> **What you will do**
Would you write out each line of the material below exactly, skipping every picture?
----
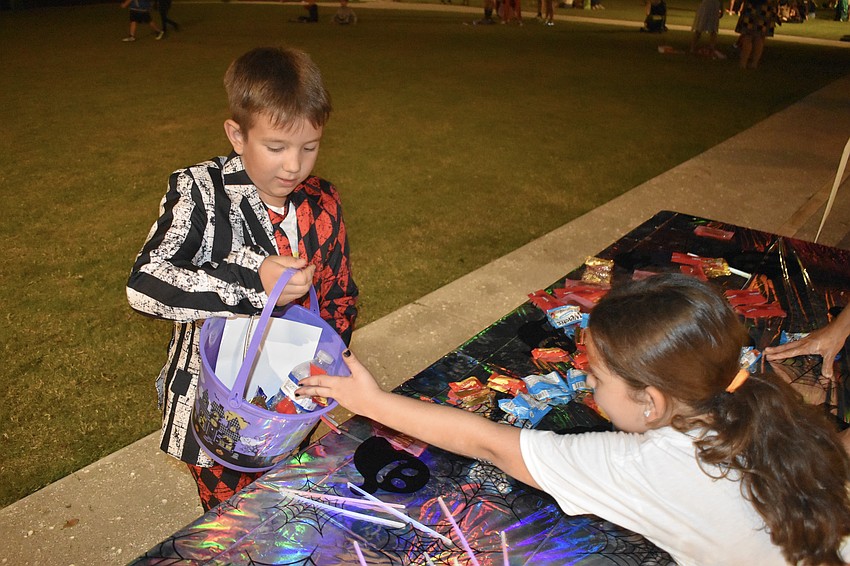 Sviatoslav Pavliuk, 9, accepts candy from Piper Borgia-Howard, 6.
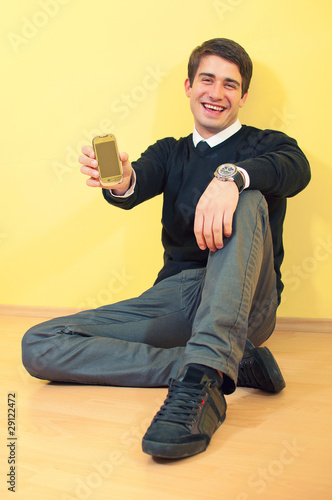 Portrait of a sitting smiling attractive young business man hold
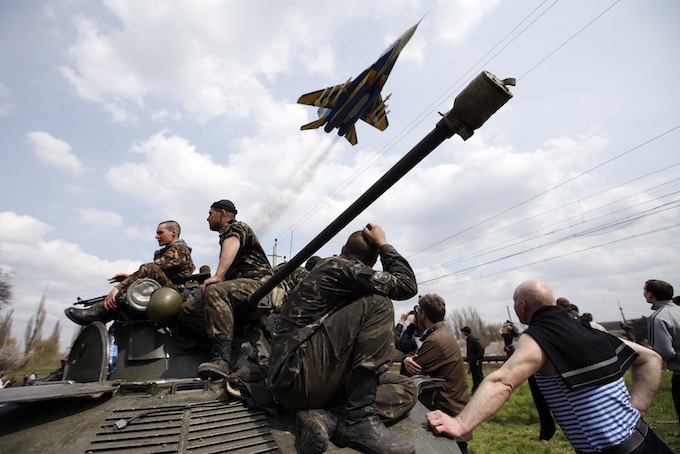 A fighter jet flies above as Ukrainian soldiers sit on an armoured personnel carrier in Kramatorsk, in eastern Ukraine April 16, 2014. Ukrainian government forces and separatist pro-Russian militia staged rival shows of force in eastern Ukraine on Wednesday amid escalating rhetoric on the eve of crucial four-power talks in Geneva on the former Soviet country's future.  REUTERS/Marko Djurica (UKRAINE - Tags: POLITICS CIVIL UNREST MILITARY TPX IMAGES OF THE DAY)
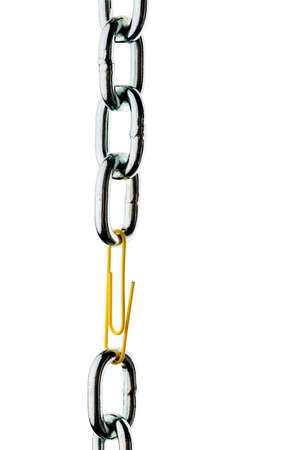 Faulty steel chain is held together a paper clip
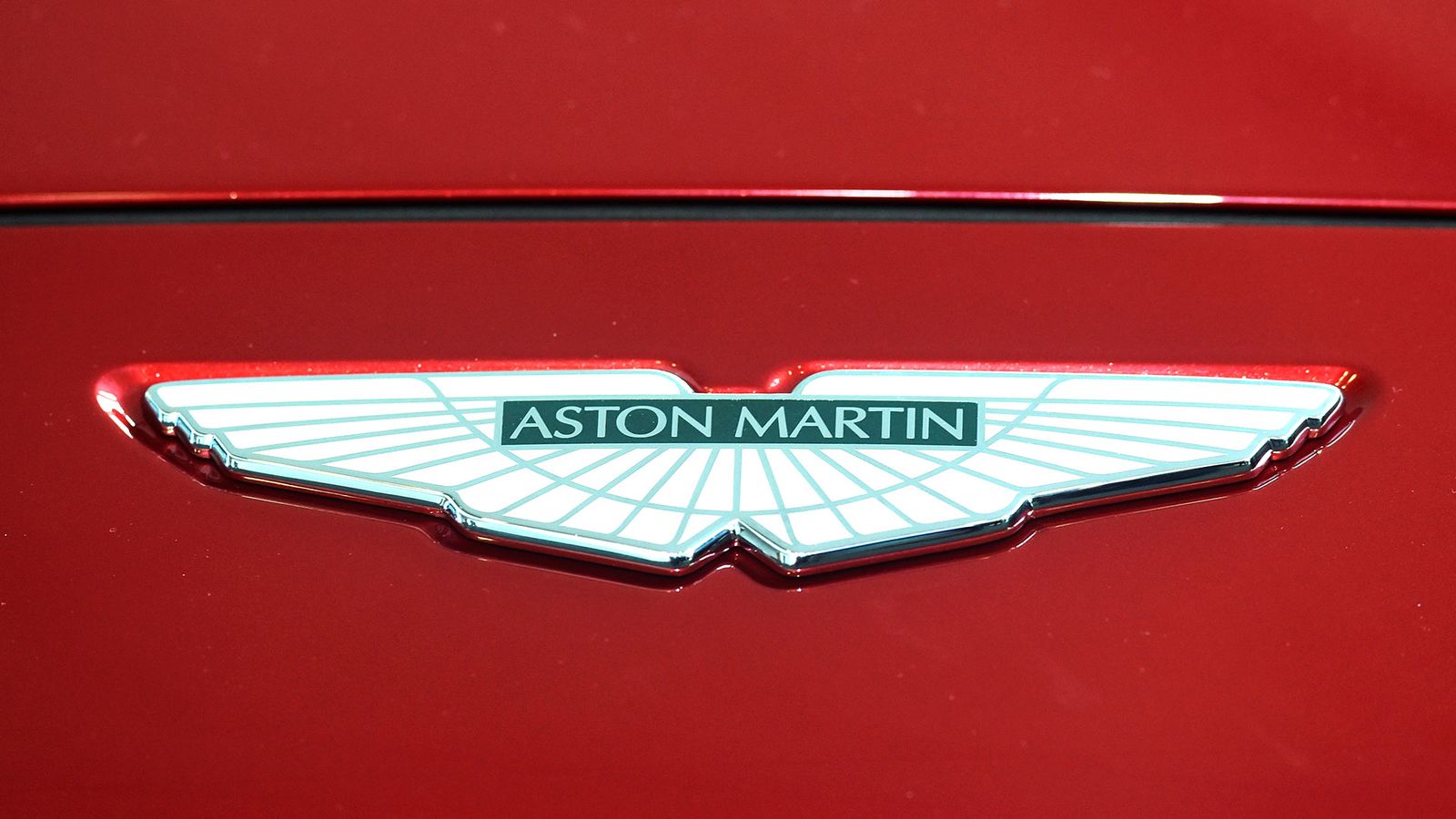 The Prince of Wales places a logo on the new Aston Martin DBX at the new Aston Martin Lagonda factory in Barry, Wales.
----
> **Exercise solution**
 Sviatoslav Pavliuk, 9, accepts candy from Piper Borgia-Howard, 6.
 Portrait of a sitting smiling attractive young business man hold
 A fighter jet flies above as Ukrainian soldiers sit on an armoured personnel carrier in Kramatorsk, in eastern Ukraine April 16, 2014. Ukrainian government forces and separatist pro-Russian militia staged rival shows of force in eastern Ukraine on Wednesday amid escalating rhetoric on the eve of crucial four-power talks in Geneva on the former Soviet country's future.  REUTERS/Marko Djurica (UKRAINE - Tags: POLITICS CIVIL UNREST MILITARY TPX IMAGES OF THE DAY)
 Faulty steel chain is held together a paper clip
 The Prince of Wales places a logo on the new Aston Martin DBX at the new Aston Martin Lagonda factory in Barry, Wales.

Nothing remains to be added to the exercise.